**Listed records**
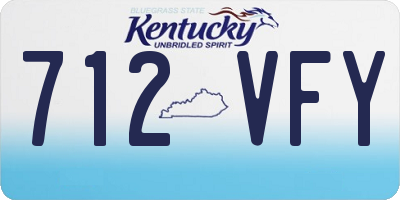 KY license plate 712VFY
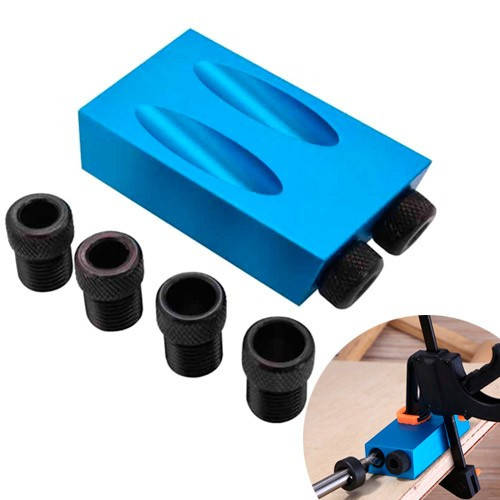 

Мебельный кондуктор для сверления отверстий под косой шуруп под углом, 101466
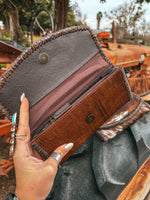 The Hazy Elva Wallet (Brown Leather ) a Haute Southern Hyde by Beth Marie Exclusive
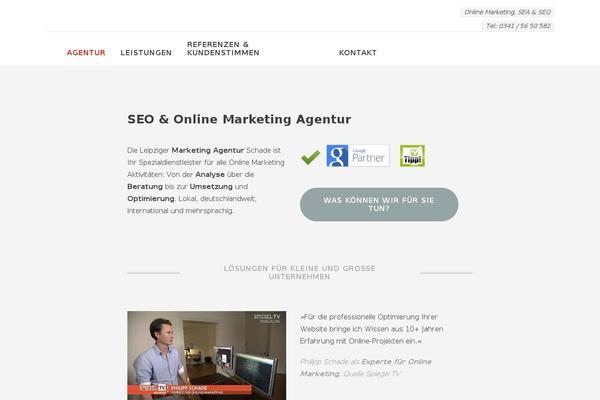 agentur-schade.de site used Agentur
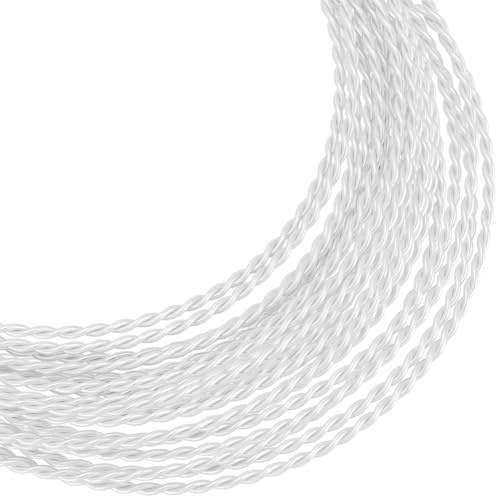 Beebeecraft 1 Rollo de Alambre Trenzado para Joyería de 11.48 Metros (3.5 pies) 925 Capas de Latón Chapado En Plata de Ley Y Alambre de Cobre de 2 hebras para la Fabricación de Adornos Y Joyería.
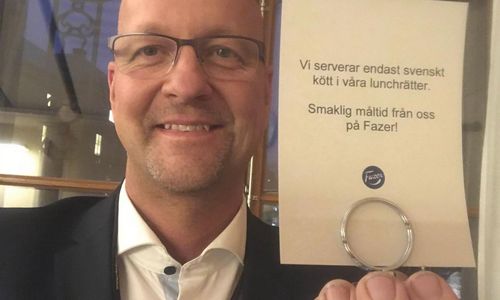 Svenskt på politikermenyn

--

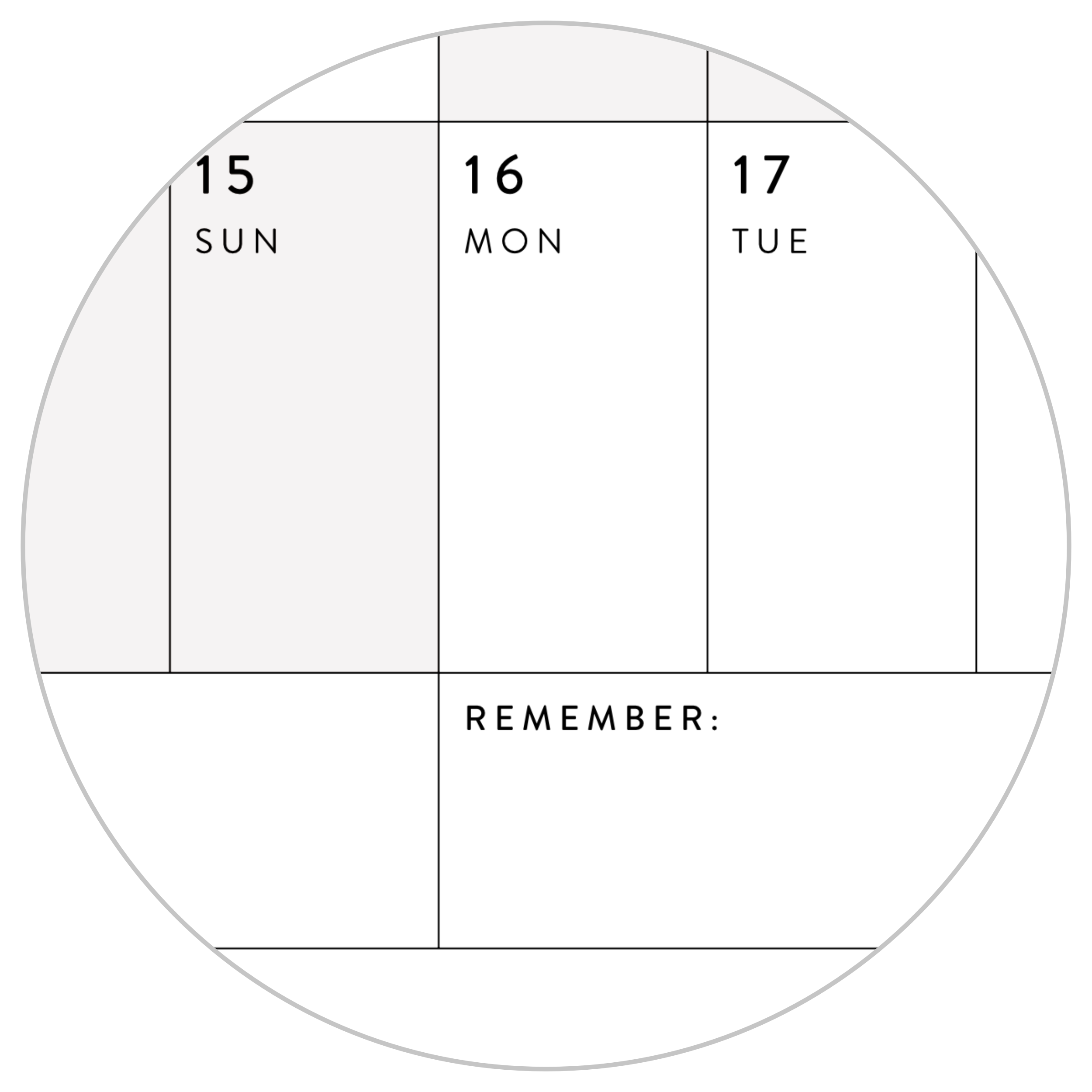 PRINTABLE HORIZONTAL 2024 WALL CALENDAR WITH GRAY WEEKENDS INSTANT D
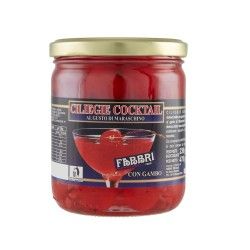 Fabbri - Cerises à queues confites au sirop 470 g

---

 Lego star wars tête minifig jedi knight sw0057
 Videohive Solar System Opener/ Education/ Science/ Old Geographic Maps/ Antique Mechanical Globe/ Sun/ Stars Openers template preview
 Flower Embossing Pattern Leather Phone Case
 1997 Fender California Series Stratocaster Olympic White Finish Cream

**About this task**
Look above for the line with "Мебельный кондуктор для" and the line with "Svenskt på politikermenyn", then restate exactly those two lines and all lines between them, with no pictures.

**Exercise response**
Мебельный кондуктор для сверления отверстий под косой шуруп под углом, 101466
 The Hazy Elva Wallet (Brown Leather ) a Haute Southern Hyde by Beth Marie Exclusive
 agentur-schade.de site used Agentur
 Beebeecraft 1 Rollo de Alambre Trenzado para Joyería de 11.48 Metros (3.5 pies) 925 Capas de Latón Chapado En Plata de Ley Y Alambre de Cobre de 2 hebras para la Fabricación de Adornos Y Joyería.
 Svenskt på politikermenyn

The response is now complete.